EXERCISE DIRECTIONS
Where the line containing "SUPERHERO Menjadi Tema" appears, end the copy there, keeping that line; start from the first line of the entries, copy exactly, and omit pictures.

SOURCE INFORMATION

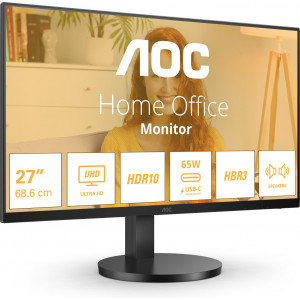 AOC B3 U27B3CF monitor de ecrã 68,6 cm (27") 3840 x 2160 pixels 4K Ultra HD LCD Preto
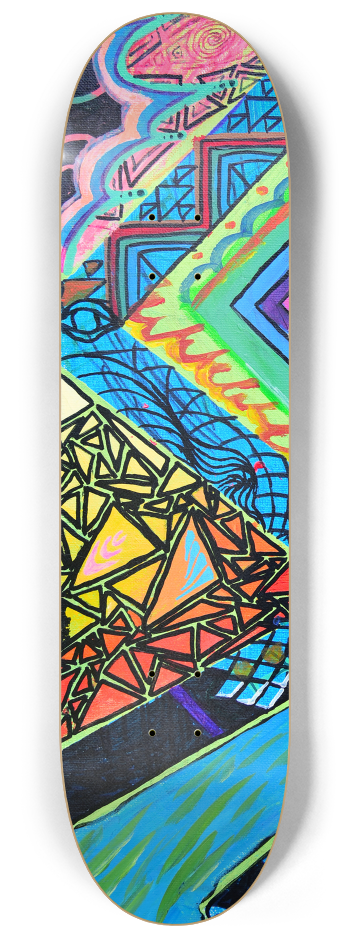 8.25 Triptych #1 8-1/4 Skateboard Deck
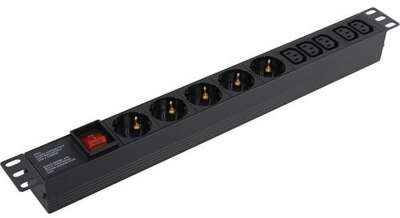 Exegate EX280866RUS Блок розеток ExeGate ServerPro PDU-19H008 Al-5C135S-C14-SW, 19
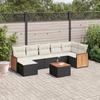 VidaXL Garden Lounge Set with Cushions 8 Pcs, Patio Sofas, Patio Furniture Set, Outdoor Furniture, Black 3227876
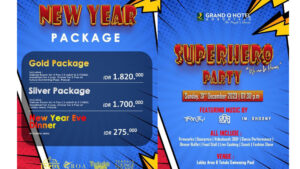 SUPERHERO Menjadi Tema Malam Pergantian Tahun di Grand Q Hotel Gorontalo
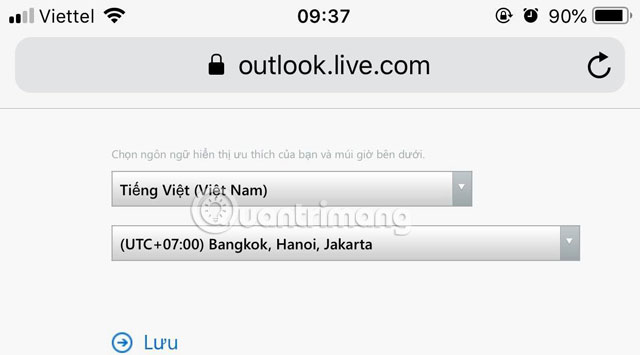 How to register email, set up email by phone Picture 10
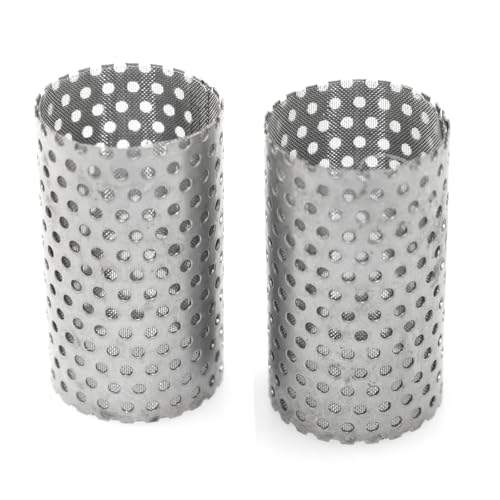 Lind Kitchen 2PCS DN25/80 Mesh 304 Stainless Steel Round Hole Filter Screen 1 Inch Industrial Plumbing Y Type Strainer Suitable for Water Supply Systems and Sprinkler Irrigation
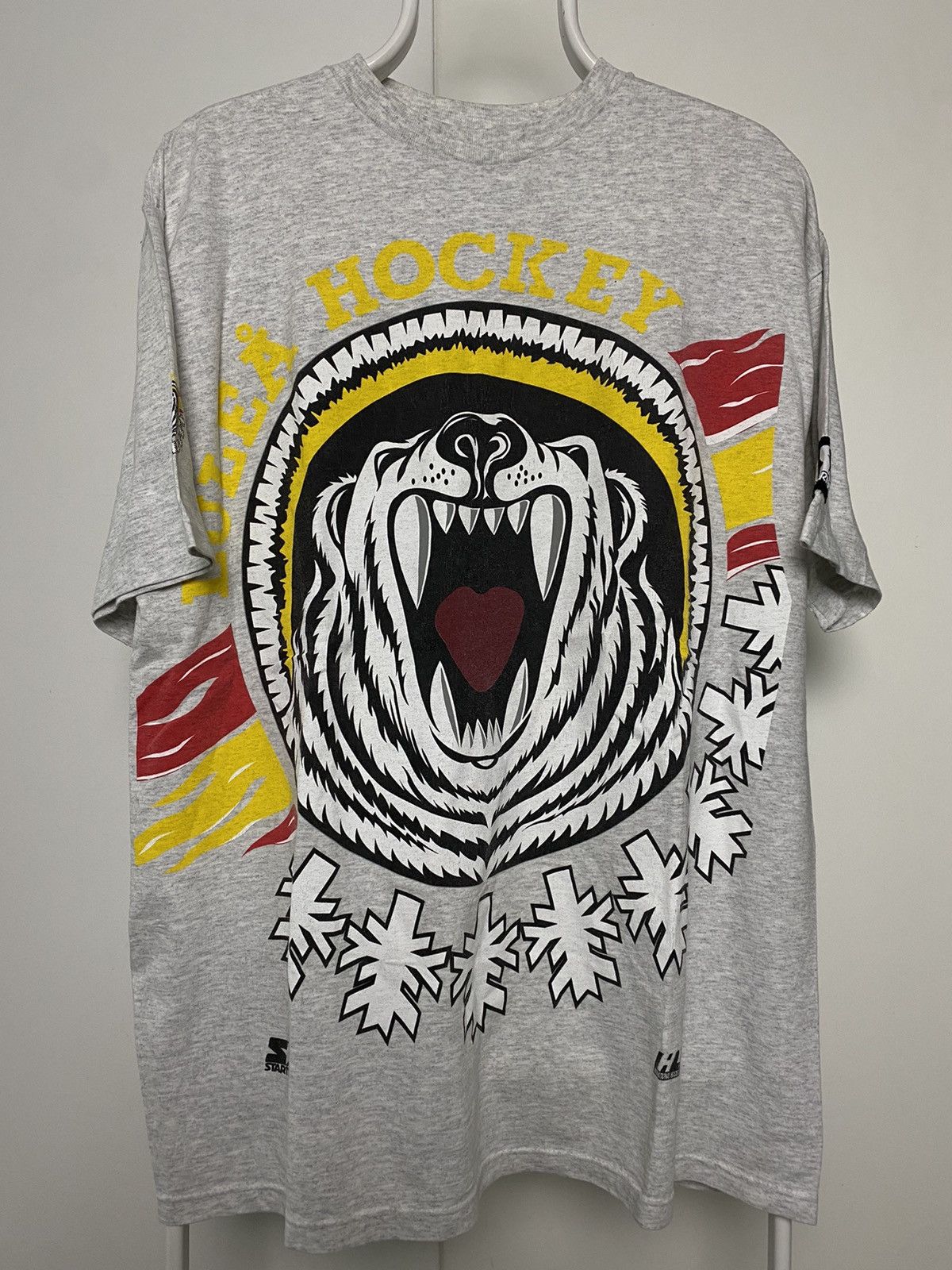 NHL × Starter × Vintage Starter NHL vintage grey T-shirt Lulea Hockey made in USA Size US L / EU 52-54 / 3 - 1 Thumbnail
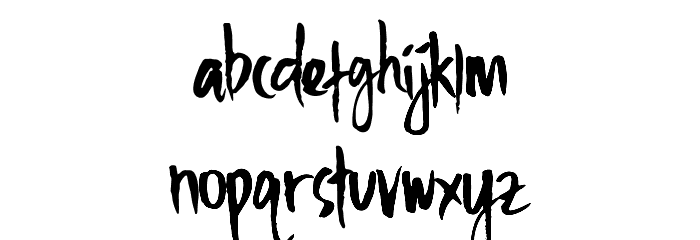 Fighter Font LOWERCASE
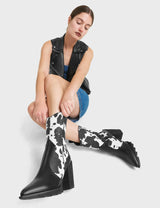 Lamoda Seen Before Western Ankle Boots, view 2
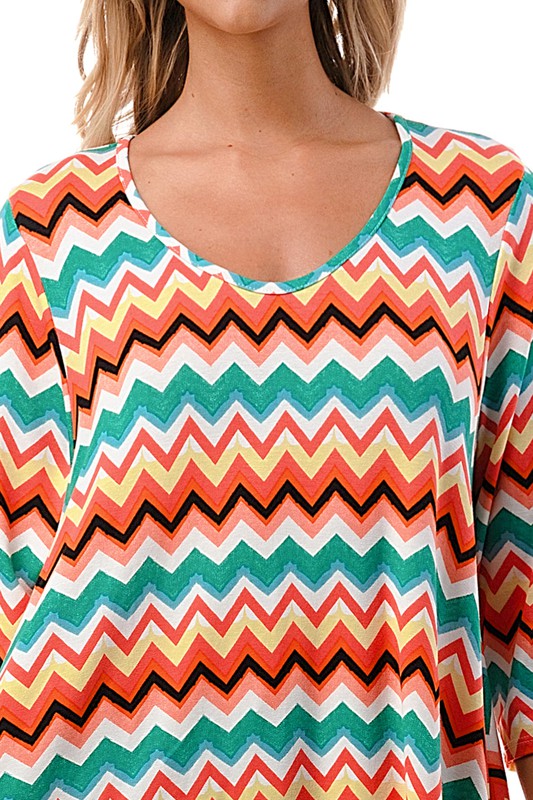 Long Chevron Tunic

REPLY
 AOC B3 U27B3CF monitor de ecrã 68,6 cm (27") 3840 x 2160 pixels 4K Ultra HD LCD Preto
 8.25 Triptych #1 8-1/4 Skateboard Deck
 Exegate EX280866RUS Блок розеток ExeGate ServerPro PDU-19H008 Al-5C135S-C14-SW, 19
 VidaXL Garden Lounge Set with Cushions 8 Pcs, Patio Sofas, Patio Furniture Set, Outdoor Furniture, Black 3227876
 SUPERHERO Menjadi Tema Malam Pergantian Tahun di Grand Q Hotel Gorontalo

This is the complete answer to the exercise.